To further improve the efficiency of STEs, research teams of the Collaborative Research Center 227 at Freie Universität Berlin and Martin-Luther-Universität Halle followed a two-fold strategy. First, they revealed the origin of the spin transport. Second, they applied various photonic and thermal measures to enhance the STE performance.

The relevance of both works is also highlighted by the fact that they were selected as “Editors' suggestion” of the journals in which they are published.

In the first work, Reza Rouzegar and colleagues address the force that drives the ultrafast spin transport. Remarkably, they observe that laser-induced ultrafast demagnetization (UDM) of a metallic ferromagnet F (Fig. 2a) has the same time evolution as THz spin transport (TST) from F into an adjacent normal metal N (Fig. 2b). They conclude that UDM in a single F layer and TST in a F|N stack are driven by the same force: a generalized spin voltage (Fig. 2c), which is an excess magnetization of F. One can now apply the vast knowledge of UDM to TST to significantly increase spin-current amplitudes for ultrafast spintronic applications.

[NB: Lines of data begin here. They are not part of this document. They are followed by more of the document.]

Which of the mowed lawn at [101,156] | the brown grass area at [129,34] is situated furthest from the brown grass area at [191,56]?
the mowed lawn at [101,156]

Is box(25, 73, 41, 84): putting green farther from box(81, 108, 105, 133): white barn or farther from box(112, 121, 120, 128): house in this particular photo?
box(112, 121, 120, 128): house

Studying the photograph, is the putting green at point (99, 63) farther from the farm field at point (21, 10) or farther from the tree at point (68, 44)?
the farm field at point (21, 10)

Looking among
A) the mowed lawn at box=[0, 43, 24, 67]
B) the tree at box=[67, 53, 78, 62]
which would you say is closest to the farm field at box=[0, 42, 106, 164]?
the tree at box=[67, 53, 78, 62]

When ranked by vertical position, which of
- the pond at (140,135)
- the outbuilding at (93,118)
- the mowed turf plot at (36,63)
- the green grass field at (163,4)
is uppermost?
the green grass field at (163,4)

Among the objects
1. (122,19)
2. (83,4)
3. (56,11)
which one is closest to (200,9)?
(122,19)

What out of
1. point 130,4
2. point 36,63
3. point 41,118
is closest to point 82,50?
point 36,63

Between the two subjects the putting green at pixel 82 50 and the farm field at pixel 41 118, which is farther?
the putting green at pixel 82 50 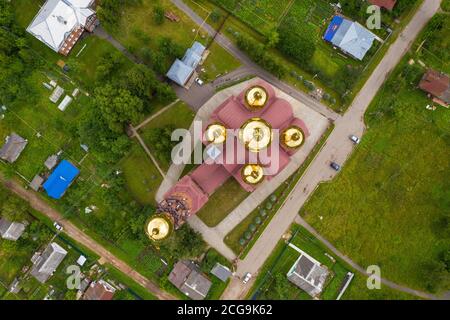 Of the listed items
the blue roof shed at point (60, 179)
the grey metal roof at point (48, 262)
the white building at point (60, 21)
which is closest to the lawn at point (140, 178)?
the blue roof shed at point (60, 179)

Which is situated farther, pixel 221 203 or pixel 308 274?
pixel 221 203

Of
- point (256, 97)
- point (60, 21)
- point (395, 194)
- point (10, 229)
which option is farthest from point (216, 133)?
point (10, 229)

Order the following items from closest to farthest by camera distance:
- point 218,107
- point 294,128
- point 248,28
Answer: point 294,128
point 218,107
point 248,28

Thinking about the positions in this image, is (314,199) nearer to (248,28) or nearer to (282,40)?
(282,40)

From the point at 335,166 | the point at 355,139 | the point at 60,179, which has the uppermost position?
the point at 355,139

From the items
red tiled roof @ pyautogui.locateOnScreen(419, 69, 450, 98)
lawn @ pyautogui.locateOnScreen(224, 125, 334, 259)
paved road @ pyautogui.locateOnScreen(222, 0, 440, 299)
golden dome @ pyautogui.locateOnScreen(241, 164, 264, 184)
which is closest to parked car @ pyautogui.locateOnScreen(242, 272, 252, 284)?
paved road @ pyautogui.locateOnScreen(222, 0, 440, 299)

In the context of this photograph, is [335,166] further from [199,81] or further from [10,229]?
→ [10,229]

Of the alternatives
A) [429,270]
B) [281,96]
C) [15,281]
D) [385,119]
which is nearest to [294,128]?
[281,96] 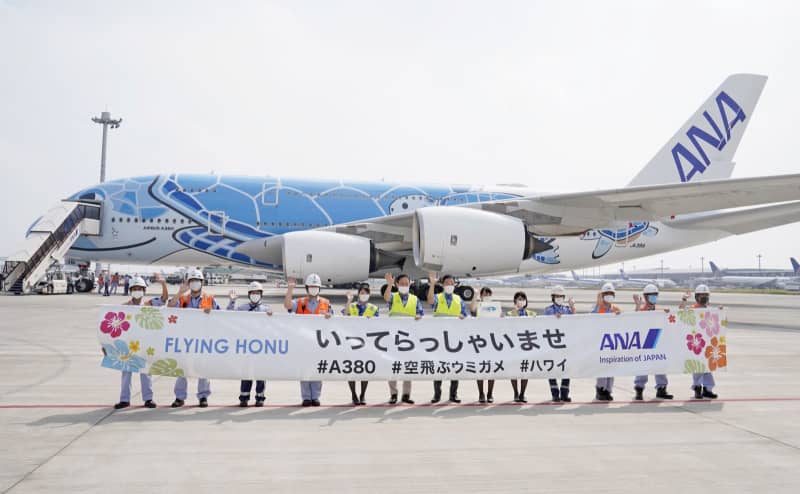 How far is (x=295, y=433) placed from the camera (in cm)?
496

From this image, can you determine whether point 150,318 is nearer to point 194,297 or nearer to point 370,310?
point 194,297

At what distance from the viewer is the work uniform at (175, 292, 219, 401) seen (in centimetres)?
588

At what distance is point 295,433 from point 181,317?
2046 mm

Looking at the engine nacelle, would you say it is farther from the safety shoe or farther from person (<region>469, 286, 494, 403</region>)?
the safety shoe

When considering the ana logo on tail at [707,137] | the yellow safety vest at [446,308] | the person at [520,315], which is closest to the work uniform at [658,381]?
the person at [520,315]

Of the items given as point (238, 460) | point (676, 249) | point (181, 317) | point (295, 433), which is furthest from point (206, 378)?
point (676, 249)

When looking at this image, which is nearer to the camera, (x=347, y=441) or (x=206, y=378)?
(x=347, y=441)

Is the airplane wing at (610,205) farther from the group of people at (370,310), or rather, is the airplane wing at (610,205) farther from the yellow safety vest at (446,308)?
the yellow safety vest at (446,308)

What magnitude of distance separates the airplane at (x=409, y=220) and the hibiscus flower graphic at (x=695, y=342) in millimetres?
9072

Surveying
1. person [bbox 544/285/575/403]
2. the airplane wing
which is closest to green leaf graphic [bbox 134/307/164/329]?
person [bbox 544/285/575/403]

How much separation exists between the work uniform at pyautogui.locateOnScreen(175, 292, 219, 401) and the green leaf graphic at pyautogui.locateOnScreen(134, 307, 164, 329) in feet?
1.30

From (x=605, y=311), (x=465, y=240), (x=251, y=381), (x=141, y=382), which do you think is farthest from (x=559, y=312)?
(x=465, y=240)

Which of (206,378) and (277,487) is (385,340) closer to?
(206,378)

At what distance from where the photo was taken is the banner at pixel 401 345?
6.05 m
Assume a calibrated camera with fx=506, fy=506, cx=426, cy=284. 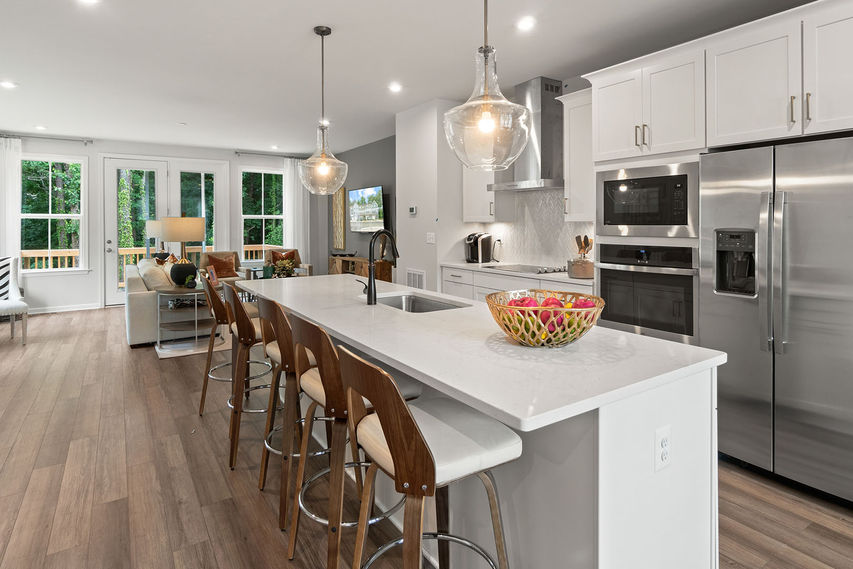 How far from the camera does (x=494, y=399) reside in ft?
3.85

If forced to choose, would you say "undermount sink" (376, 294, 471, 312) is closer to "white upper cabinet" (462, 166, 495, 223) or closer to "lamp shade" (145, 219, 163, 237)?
"white upper cabinet" (462, 166, 495, 223)

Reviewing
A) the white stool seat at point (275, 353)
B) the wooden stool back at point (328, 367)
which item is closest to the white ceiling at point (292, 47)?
the white stool seat at point (275, 353)

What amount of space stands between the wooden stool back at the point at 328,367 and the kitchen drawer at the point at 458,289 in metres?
3.17

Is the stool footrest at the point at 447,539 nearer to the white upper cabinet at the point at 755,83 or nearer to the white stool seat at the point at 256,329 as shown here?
the white stool seat at the point at 256,329

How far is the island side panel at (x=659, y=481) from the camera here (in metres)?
1.24

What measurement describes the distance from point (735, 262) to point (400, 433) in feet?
7.44

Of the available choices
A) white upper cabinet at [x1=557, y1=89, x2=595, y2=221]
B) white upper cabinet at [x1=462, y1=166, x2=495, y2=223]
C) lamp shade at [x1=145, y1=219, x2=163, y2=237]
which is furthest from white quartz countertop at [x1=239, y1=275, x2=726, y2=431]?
lamp shade at [x1=145, y1=219, x2=163, y2=237]

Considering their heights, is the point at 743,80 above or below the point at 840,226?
above

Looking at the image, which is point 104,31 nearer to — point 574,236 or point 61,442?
point 61,442

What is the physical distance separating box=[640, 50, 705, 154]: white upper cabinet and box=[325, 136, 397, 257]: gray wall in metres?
4.50

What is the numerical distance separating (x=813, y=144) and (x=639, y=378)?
5.82 feet

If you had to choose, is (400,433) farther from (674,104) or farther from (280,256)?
(280,256)

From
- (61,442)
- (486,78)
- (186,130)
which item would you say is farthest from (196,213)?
(486,78)

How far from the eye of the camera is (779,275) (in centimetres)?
242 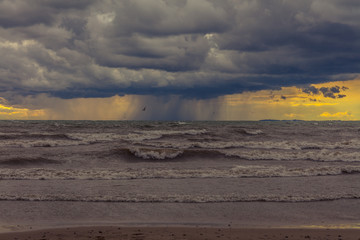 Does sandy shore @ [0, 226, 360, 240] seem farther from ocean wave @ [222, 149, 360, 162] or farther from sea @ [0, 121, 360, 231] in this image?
ocean wave @ [222, 149, 360, 162]

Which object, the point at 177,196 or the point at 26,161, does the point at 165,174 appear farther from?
the point at 26,161

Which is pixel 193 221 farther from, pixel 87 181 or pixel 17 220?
pixel 87 181

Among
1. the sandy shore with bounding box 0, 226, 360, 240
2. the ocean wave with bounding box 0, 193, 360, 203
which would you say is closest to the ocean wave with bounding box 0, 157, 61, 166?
the ocean wave with bounding box 0, 193, 360, 203

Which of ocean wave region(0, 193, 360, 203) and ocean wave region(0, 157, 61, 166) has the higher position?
ocean wave region(0, 157, 61, 166)

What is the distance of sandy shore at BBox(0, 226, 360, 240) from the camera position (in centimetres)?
873

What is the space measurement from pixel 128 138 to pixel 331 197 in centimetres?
3148

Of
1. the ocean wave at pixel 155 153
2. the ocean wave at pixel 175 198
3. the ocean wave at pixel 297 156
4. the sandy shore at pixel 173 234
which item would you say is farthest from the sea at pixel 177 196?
the ocean wave at pixel 155 153

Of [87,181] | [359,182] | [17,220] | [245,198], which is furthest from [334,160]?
[17,220]

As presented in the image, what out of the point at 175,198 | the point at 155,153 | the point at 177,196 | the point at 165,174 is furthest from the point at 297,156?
the point at 175,198

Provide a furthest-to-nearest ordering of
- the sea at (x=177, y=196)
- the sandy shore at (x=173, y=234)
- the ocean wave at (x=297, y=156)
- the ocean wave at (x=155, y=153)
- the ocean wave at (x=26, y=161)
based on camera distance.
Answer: the ocean wave at (x=155, y=153)
the ocean wave at (x=297, y=156)
the ocean wave at (x=26, y=161)
the sea at (x=177, y=196)
the sandy shore at (x=173, y=234)

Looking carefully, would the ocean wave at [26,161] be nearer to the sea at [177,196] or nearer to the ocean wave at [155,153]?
the sea at [177,196]

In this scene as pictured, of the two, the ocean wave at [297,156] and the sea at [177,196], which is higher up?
the ocean wave at [297,156]

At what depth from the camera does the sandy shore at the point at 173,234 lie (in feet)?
28.7

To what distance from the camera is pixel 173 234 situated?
902 cm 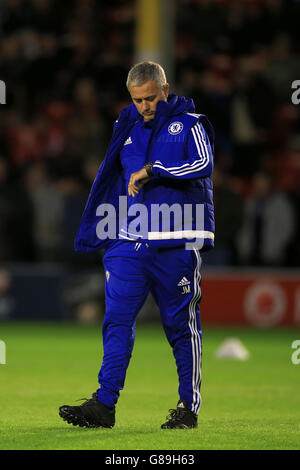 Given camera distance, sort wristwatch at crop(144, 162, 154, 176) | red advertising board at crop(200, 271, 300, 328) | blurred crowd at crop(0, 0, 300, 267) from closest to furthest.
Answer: wristwatch at crop(144, 162, 154, 176) < red advertising board at crop(200, 271, 300, 328) < blurred crowd at crop(0, 0, 300, 267)

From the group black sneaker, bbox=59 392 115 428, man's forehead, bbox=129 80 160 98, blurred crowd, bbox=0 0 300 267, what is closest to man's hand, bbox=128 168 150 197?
man's forehead, bbox=129 80 160 98

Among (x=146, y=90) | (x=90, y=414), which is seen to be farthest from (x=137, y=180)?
(x=90, y=414)

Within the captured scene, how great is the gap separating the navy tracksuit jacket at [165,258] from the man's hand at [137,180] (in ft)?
0.35

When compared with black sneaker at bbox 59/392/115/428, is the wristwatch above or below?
above

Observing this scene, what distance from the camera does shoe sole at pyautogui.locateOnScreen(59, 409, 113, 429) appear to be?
6.56m

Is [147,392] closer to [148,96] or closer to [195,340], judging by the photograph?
[195,340]

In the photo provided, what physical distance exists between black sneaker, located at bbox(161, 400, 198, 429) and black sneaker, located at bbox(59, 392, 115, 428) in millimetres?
354

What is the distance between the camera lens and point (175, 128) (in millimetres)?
6703

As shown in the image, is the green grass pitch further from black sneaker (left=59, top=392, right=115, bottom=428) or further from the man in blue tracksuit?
the man in blue tracksuit

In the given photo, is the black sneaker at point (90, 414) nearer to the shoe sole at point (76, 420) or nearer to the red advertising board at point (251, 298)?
the shoe sole at point (76, 420)

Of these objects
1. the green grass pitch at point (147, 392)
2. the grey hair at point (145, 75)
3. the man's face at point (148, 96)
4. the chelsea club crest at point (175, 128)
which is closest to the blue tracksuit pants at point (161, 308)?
the green grass pitch at point (147, 392)

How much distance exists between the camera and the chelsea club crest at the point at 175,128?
22.0 ft

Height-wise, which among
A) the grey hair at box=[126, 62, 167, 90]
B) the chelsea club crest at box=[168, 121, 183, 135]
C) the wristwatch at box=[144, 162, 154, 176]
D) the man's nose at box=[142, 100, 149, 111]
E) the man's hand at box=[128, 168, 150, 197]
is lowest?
the man's hand at box=[128, 168, 150, 197]

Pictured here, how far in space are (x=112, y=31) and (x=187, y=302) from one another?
45.0ft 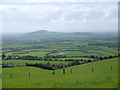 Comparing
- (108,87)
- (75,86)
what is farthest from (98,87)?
(75,86)

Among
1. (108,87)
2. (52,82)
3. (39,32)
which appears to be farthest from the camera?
(39,32)

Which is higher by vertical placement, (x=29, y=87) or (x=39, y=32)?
(x=39, y=32)

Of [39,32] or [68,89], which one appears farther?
[39,32]

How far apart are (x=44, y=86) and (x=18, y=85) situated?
6.54 ft

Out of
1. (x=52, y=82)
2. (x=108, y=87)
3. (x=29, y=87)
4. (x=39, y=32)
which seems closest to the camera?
(x=108, y=87)

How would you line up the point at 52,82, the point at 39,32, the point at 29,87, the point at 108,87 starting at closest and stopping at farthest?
the point at 108,87 < the point at 29,87 < the point at 52,82 < the point at 39,32

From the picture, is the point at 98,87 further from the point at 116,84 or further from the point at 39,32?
the point at 39,32

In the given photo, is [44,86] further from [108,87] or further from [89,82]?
[108,87]

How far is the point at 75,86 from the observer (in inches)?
459

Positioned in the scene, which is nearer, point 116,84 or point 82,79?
point 116,84

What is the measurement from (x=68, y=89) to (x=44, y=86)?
1726mm

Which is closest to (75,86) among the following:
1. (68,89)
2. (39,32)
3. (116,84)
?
(68,89)

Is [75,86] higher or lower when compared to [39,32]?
lower

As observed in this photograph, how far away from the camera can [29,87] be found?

In the second work, Reza Rouzegar and Alex Chekhov present a Si-based spintronic THz emitter (Si-STE) with optimized photonic and heat environment (see Fig. 3). The Si-STE delivers THz pulses with a peak electric field beyond 1.5 MV/cm, a fluence of the order of 1 mJ/cm2 and a spectrum covering the range 0.1-11 THz (see figure above). Remarkably, the field and fluence values are comparable to those obtained from a state-of-art LiNbO3 source based on tilted-pulse-front optical rectification. In additional, Si-STEs offer many attractive features such as easy alignment and rotation of the THz polarization plane without any power loss. Si-STEs, thus, opes up a highly promising pathway to nonlinear THz spectroscopy.